[Opening Records supplied section]

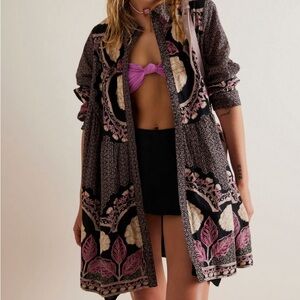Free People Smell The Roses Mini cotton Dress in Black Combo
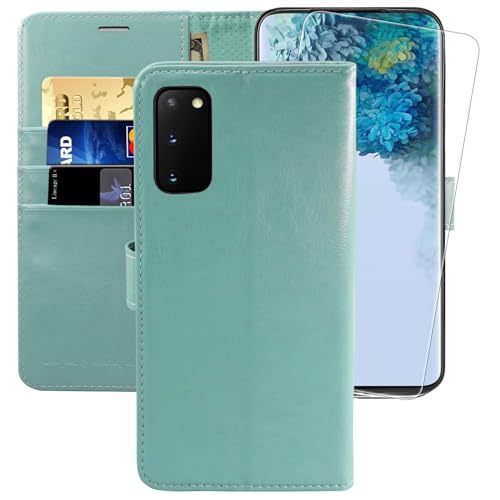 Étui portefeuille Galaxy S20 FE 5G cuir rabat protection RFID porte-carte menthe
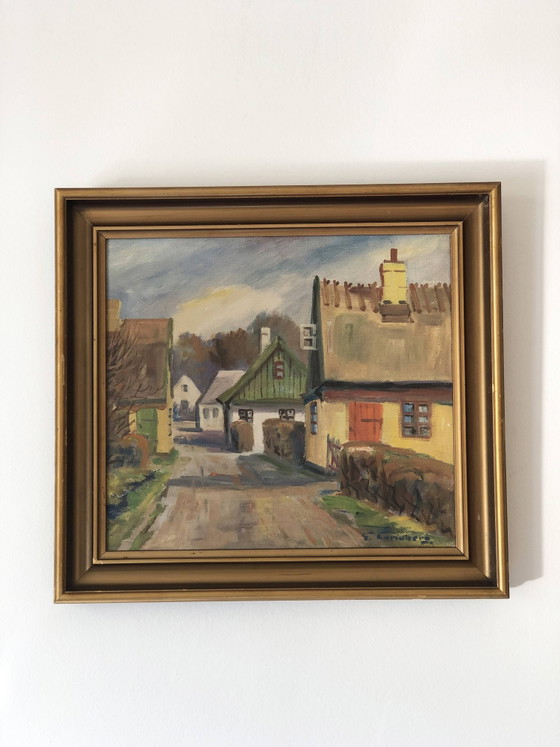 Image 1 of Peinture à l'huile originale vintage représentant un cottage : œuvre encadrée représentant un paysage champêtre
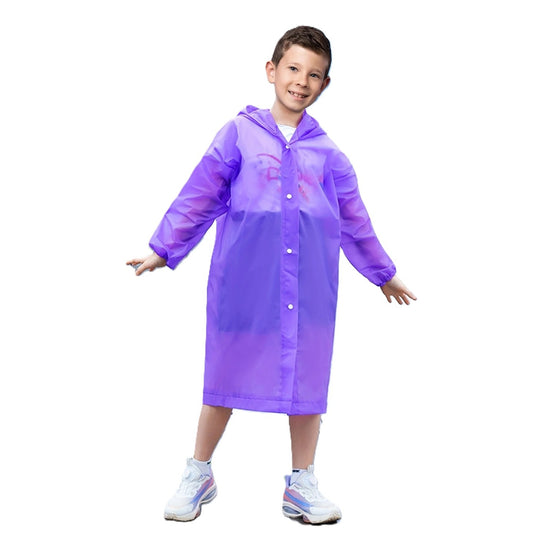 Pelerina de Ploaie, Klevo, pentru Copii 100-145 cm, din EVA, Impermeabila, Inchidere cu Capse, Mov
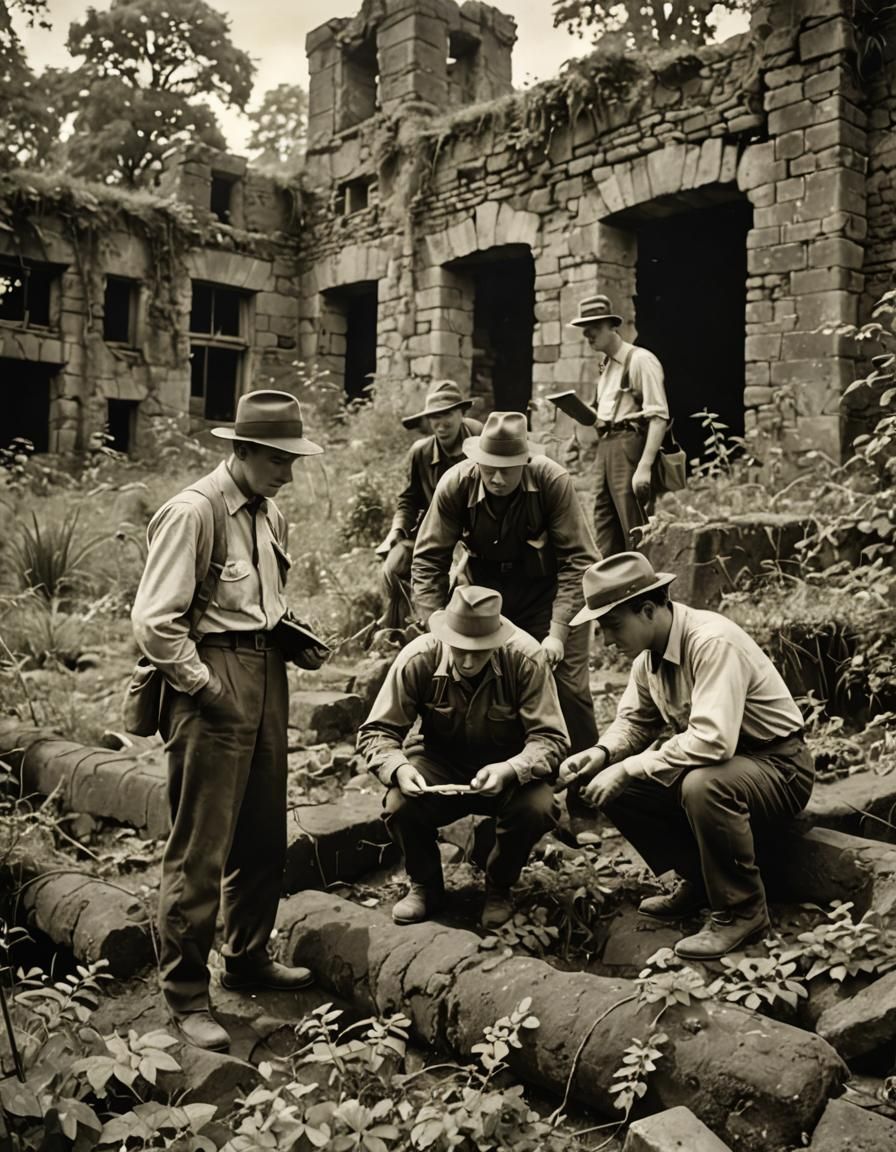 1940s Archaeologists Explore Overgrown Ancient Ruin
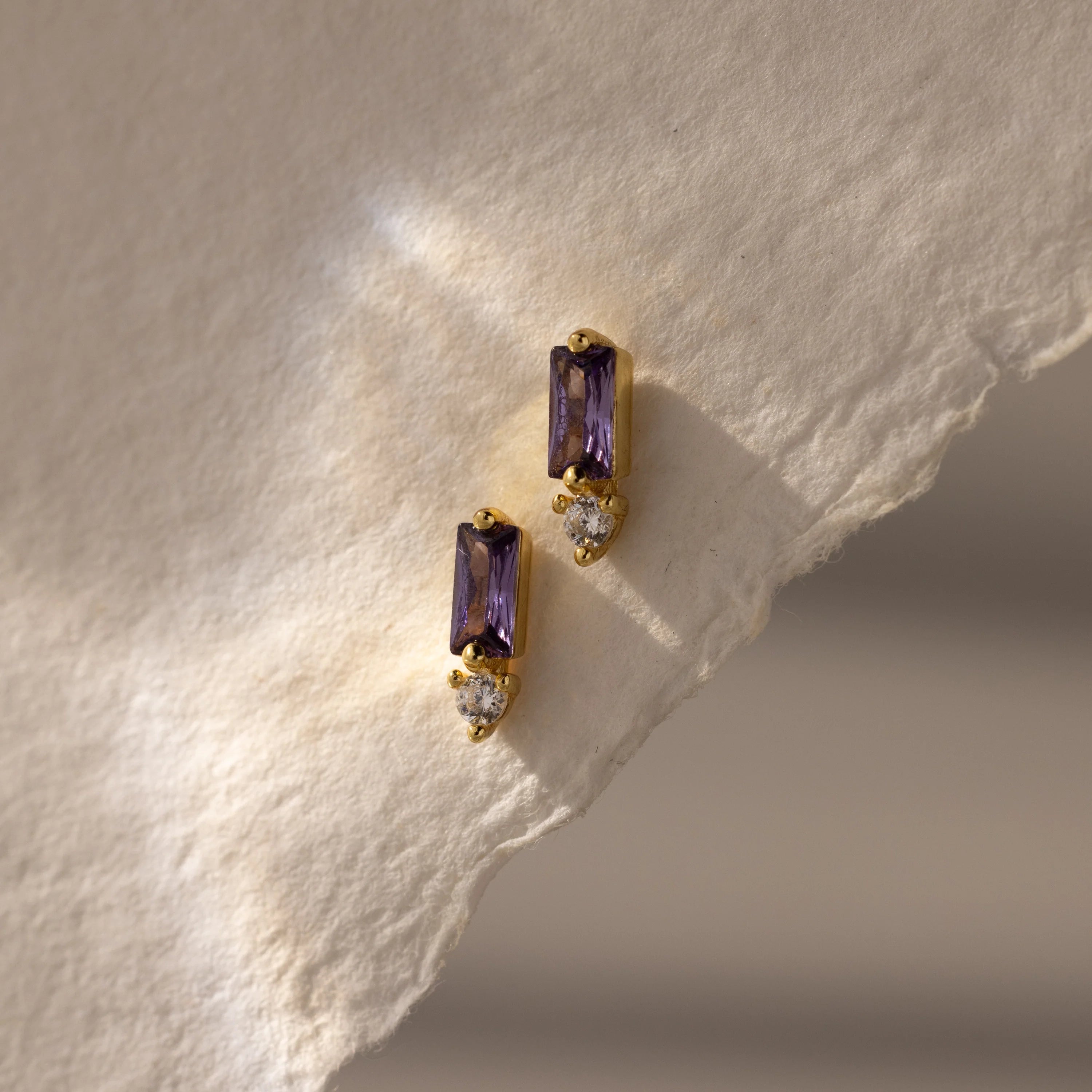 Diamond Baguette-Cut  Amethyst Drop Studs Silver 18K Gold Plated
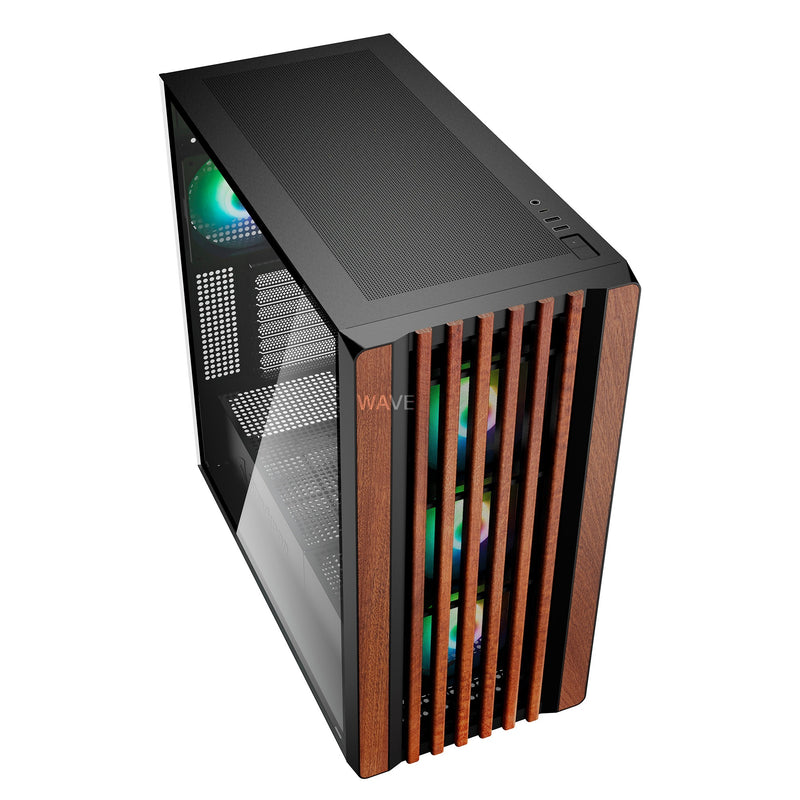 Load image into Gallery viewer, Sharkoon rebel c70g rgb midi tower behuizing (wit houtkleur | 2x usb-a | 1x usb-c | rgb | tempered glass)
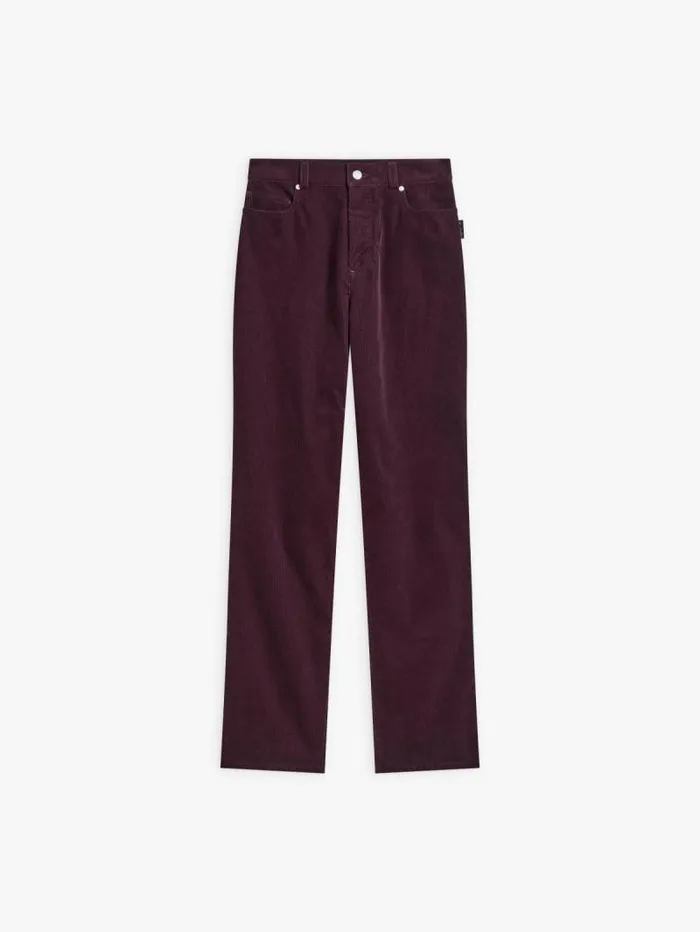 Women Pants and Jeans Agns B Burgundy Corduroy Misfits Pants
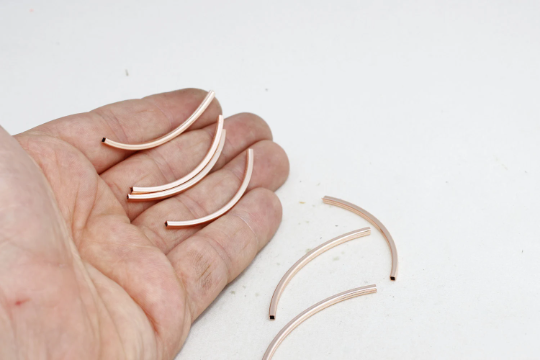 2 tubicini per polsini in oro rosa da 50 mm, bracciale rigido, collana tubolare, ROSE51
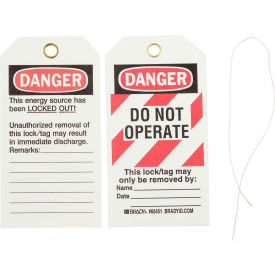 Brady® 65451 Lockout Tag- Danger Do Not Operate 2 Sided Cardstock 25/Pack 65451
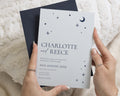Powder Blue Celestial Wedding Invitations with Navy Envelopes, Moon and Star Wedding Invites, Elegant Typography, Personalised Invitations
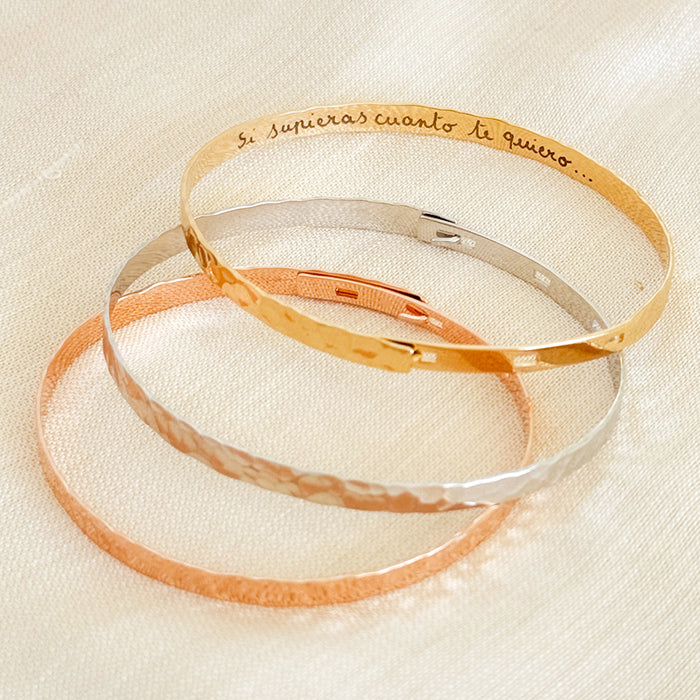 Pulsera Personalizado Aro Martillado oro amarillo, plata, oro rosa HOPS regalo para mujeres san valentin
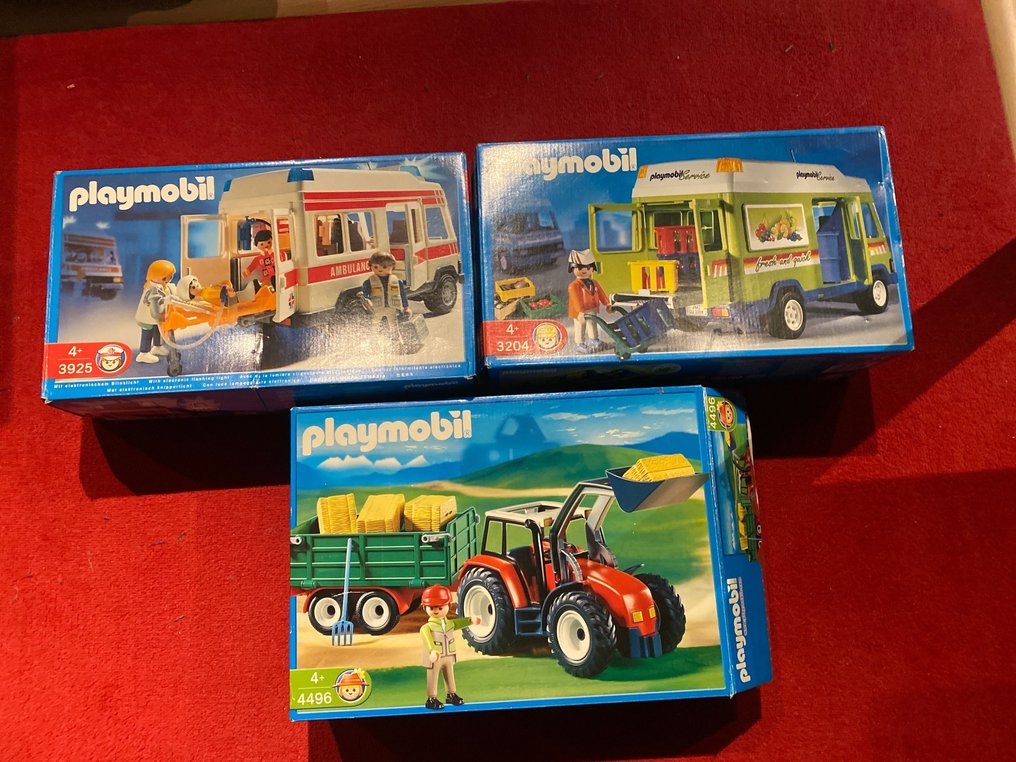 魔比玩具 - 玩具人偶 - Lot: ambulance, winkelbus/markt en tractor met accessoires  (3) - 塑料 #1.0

[Closing Records supplied section]

• Work order: Nothing but the lines from the line holding "Women Pants and" through the last line of the entries above is to be reproduced, exactly and without pictures.

• Response area:
 Women Pants and Jeans Agns B Burgundy Corduroy Misfits Pants
 2 tubicini per polsini in oro rosa da 50 mm, bracciale rigido, collana tubolare, ROSE51
 Brady® 65451 Lockout Tag- Danger Do Not Operate 2 Sided Cardstock 25/Pack 65451
Powder Blue Celestial Wedding Invitations with Navy Envelopes, Moon and Star Wedding Invites, Elegant Typography, Personalised Invitations
 Pulsera Personalizado Aro Martillado oro amarillo, plata, oro rosa HOPS regalo para mujeres san valentin
 魔比玩具 - 玩具人偶 - Lot: ambulance, winkelbus/markt en tractor met accessoires  (3) - 塑料 #1.0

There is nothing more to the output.